Monday, December 28, 2015

Kaggle Titanic tutorial on www.dataquest.io

Today I started to do Kaggle Titanic tutorial on Dataquest. As usual, I decide to play with code and change some parameters in library functions. In 10 step they use Kfold method from sklearn.cross_validation library.
They use it in the example with Shuffle = False and this gives the result 78%. When I change parameter to Shuffle = True I received 100% and when I increased parameter n_folds to 4 I received 22% 
I understood that something is going wrong and actually this is quite scary because I made it on the small dataset, received obviously wrong results and can do nothing about that. So I decided to solve this problem.

Here is code from this part:

import numpy as np

# The predictions are in three separate numpy arrays.  Concatenate them into one.  
# We concatenate them on axis 0, as they only have one axis.
predictions = np.concatenate(predictions, axis=0)

# Map predictions to outcomes (only possible outcomes are 1 and 0)
predictions[predictions > .5] = 1
predictions[predictions <=.5] = 0
accuracy = sum(predictions[predictions == titanic["Survived"]]) / len(predictions)

I kill on this about 5 hours (
The trick was in this part

accuracy = sum(predictions[predictions == titanic["Survived"]]) / len(predictions)

This code predictions == titanic["Survived"] return an array with True and False and when you pass this result to array predictions you receive values from 0 and 1 rows.
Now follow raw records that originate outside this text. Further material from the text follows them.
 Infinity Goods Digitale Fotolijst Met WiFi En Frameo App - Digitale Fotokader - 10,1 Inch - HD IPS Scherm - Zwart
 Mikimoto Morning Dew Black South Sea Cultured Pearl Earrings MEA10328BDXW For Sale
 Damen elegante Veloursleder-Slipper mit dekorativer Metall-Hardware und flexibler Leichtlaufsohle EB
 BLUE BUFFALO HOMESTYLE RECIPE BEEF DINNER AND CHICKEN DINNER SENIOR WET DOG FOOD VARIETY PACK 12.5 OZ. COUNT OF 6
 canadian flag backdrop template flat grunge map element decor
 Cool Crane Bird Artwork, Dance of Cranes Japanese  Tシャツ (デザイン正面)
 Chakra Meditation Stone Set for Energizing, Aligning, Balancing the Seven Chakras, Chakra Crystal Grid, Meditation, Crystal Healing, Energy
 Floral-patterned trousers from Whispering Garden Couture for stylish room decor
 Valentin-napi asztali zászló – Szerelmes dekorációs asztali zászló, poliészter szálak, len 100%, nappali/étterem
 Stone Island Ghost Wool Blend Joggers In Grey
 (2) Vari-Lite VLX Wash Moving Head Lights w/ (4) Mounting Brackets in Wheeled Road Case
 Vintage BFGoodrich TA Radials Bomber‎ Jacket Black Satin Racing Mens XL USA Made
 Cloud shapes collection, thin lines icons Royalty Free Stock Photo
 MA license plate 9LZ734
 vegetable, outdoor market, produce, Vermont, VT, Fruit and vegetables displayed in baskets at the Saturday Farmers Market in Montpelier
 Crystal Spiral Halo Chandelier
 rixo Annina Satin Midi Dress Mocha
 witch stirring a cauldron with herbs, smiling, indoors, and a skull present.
When you have unshuffled values it works well because in the first position you have Survived = 0 and on the second position you have Survived = 1. But when you made shuffling of values it sometimes leads to Survived = 1 on both positions and, as a result, you receive 100% successful predictions or you have inverted values and then you receive 22% successful predictions.   

Actually, we do not need this wrapper around predictions == titanic["Survived"] because it will be counted even if it boolean. So for correct work of this code we should write this last line of code as:
accuracy = sum(predictions == titanic["Survived"]) / len(predictions)